Information geometry is one of the most effective tools to investigate stochastic learning models. In it, stochastic learning models are regarded as manifolds in the view of differential geometry. Amari applied it to Boltzmann Machines, which is one of the stochastic learning models. The purpose of this chapter is to apply information geometry to complex-valued Boltzmann Machines. First, we construct the complex-valued Boltzmann Machines. Next, the author describes information geometry. The author will know some important notions of information geometry, exponential families, mixture families, Kullback-Leibler divergence, connections, geodesics, Fisher metrics, potential functions and so on. Finally, they apply information geometry to complex-valued Boltzmann Machines. They will investigate the structure of complex-valued Boltzmann manifold and know the notions of the connections and Fisher metric. Moreover we will get an effective learning algorithm, what is called em algorithm, for complex-valued Boltzmann machines with hidden neurons.
TopIntroduction
These days we can get massive information and it is hard to deal with it without computers. Machine learning is effective for computers to manage massive information. Machine learning uses various learning machine models, for instance, decision trees, Bayesian Networks, Support Vector Machine, Hidden Markov Model, normal mixed distributions, neural networks and so on. Some of them are stochastically constructed.

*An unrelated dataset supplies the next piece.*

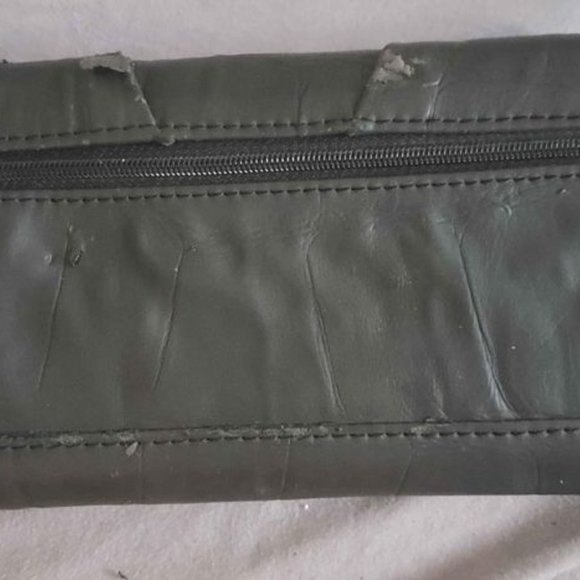 Guess wallet | item has some wear - Picture 3 of 3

The neural network is one of the learning machine models. It consists of many units, which are called neurons. We often use binary neurons. Then each neuron takes only two states. The set of neurons, however, takes many states. Various types of neural networks have been proposed. Feed-forward types and symmetric types of neural networks are main models. Feed-forward types of neural networks are often applied to recognize given patterns and are so useful. Symmetric types of neural network are often applied as Associative Memories. The Hopfield Network is one of the most famous models. Boltzmann Machines are stochastic types of Hopfield Networks.

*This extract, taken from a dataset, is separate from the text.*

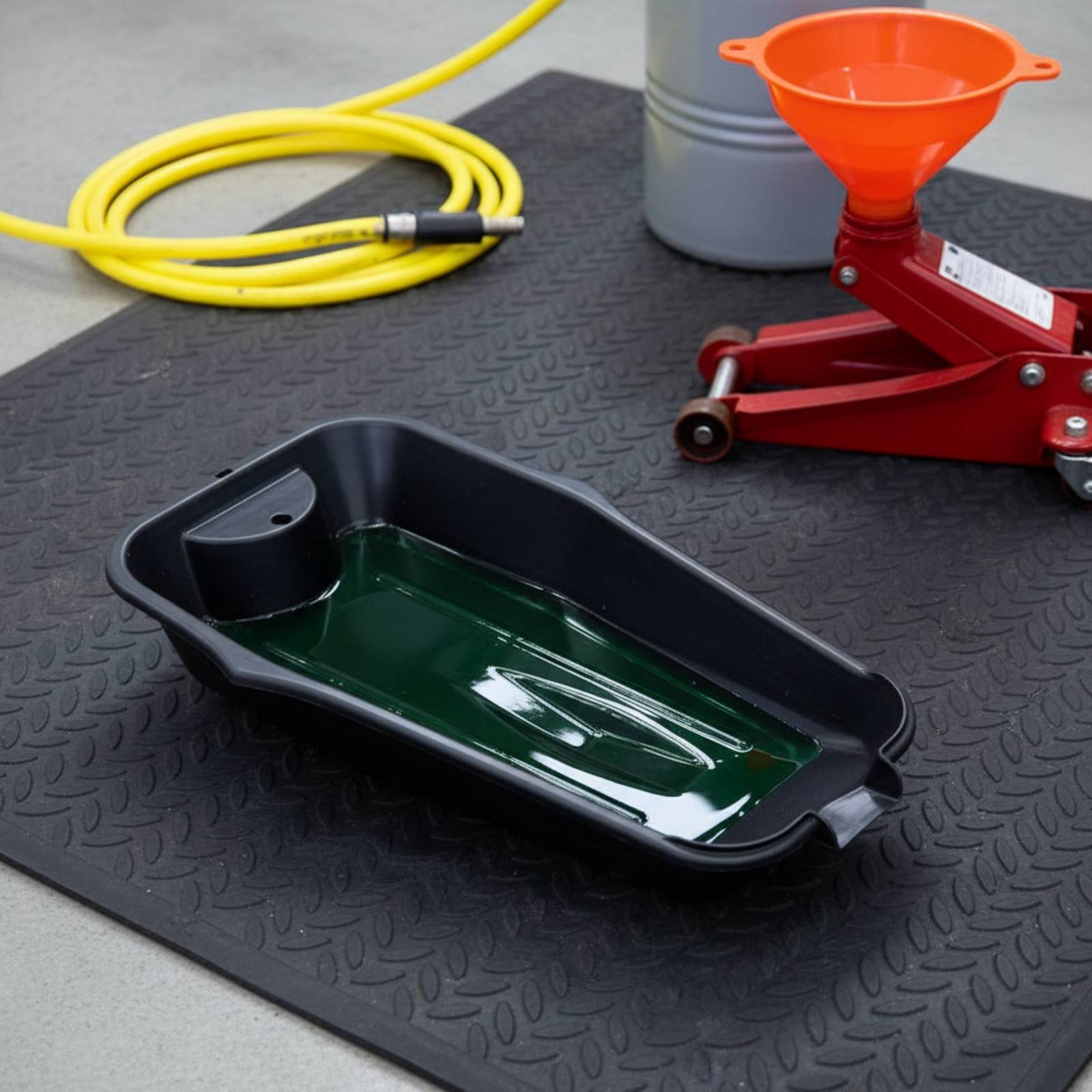 Vasca di raccolta olio da 2,5L - Oil Drain Tank recensione e prezzo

Neurons take only two states in most cases. McEliece, Posner, Rodemich and Venkatech (1987) is a highly recognized critique of the Hopfield memory low capacity. Baldi and Hormik (1989) rigorously showed existence of numerous local minima in objective function for learning a nonlinear perceptron. The presentation capacity of a neuron is too poor. We hope that the neuron models have multi-states. Some researchers have proposed such models. Multi-level neuron is one of them (Zurada, Cloete & Poel, 1996). Complex-valued neurons are also multi-states neuron models. Several models of complex-valued neurons have been proposed, for example, phasor neurons (Noest, 1988a), discrete-state phasor neurons (Noest, 1988b), amplitude-phase type of complex-valued neurons (Hirose, 1992; Kuroe, 2003), real part – imaginary part type of complex-valued neurons (Benvenuto & Piazza, 1992; Nitta & Furuta, 1991; Nitta, 1997) and so on (Nemoto & Kubono, 1996; Nemoto, 2003). In this chapter, we deal with the phasor neurons and the discrete phasor neurons. In this chapter, we call phasor neurons continuous phasor neurons to distinguish them clearly from discrete phasor neurons.

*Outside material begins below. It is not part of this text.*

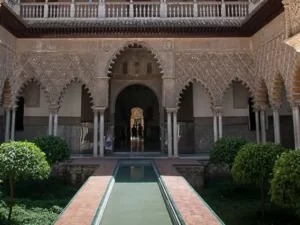 Visita Privada al Real Alcázar: Un Recorrido Histórico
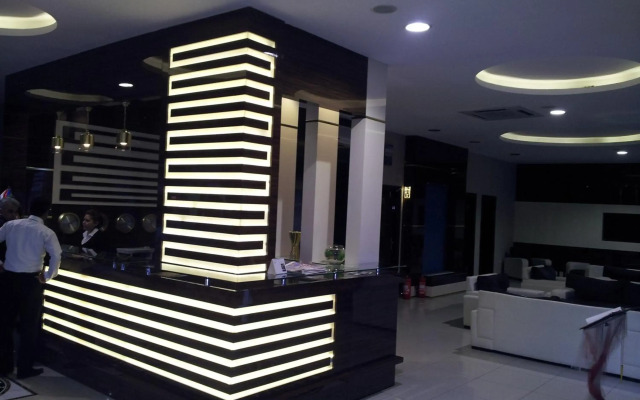 Kar Hotel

Several types of neural networks, feed-forward neural networks, Hopfield Networks and Boltzmann Machines, have been extended to the complex-valued neural networks. Noest proposed complex-valued Hopfield Networks (Noest, 1988a; Noest, 1988b). They are called continuous phasor or discrete phasor neural networks. Hirose proposed back propagation learning algorithms for the amplitude-phase type of complex-valued neural networks (Hirose, 1992). Benvenuto and Piazza (1992) and Nitta and Furuya (1991) independently proposed back propagation learning algorithms for the real part – imaginary part type of complex-valued neural networks. Boltzmann Machines were also extended to the complex-valued Boltzmann Machines (Zemel, Williams & Mozer, 1993; Zemel, Williams & Mozer, 1995). The complex-valued Boltzmann Machines proposed by Zemel et al. (1993) are continuous models. Kobayashi and Yamazaki proposed the discrete version of complex-valued Boltzmann Machines (Kobayashi & Yamazaki, 2003).